I don’t think there has been one book that details out the Amazon / Jeff Bezos management philosophy in detail. There have been glimpses of how the org works, such as in ‘The Everyday Store’ by Brad Stone, but strangely for a company that is one of the most successful and important companies of our and any era, this is much too little. In that context, this book is a great crack at summarising the Amazon ethos / OS by these two ex-Amazonians.

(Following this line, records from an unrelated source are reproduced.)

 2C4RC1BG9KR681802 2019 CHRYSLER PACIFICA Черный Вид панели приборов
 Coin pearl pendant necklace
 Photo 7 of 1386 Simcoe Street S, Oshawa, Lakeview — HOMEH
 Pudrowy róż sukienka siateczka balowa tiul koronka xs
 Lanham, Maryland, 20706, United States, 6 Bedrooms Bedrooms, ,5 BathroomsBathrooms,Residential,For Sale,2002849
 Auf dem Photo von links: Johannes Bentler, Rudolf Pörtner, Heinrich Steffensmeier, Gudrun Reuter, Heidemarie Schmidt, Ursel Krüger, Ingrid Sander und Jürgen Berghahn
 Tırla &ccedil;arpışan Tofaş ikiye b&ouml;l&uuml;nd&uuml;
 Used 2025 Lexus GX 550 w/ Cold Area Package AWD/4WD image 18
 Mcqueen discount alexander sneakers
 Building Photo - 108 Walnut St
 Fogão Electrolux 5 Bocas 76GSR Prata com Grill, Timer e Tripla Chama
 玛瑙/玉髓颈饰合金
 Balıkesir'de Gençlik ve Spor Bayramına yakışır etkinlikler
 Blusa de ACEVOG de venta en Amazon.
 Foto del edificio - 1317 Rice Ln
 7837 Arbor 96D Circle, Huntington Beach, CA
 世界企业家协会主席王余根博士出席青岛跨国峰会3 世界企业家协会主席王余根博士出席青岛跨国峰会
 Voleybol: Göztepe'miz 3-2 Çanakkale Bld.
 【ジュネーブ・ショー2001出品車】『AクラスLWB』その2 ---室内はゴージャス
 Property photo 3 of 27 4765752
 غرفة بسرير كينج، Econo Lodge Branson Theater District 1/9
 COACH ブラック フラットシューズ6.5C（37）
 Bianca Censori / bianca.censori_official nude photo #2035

I speed-read ‘Working Backwards’ recently, and would recommend it for most folks in the startup / venture / tech community especially founders. While it is useful for all founders, I would particularly recommend it for Series A+ founders, post PMF. A lot more of the stuff can be applied (the overwhelming focus at prePMF is on getting the MVP done and then arriving at the GTM playbook; there isnt much useful stuff on that here).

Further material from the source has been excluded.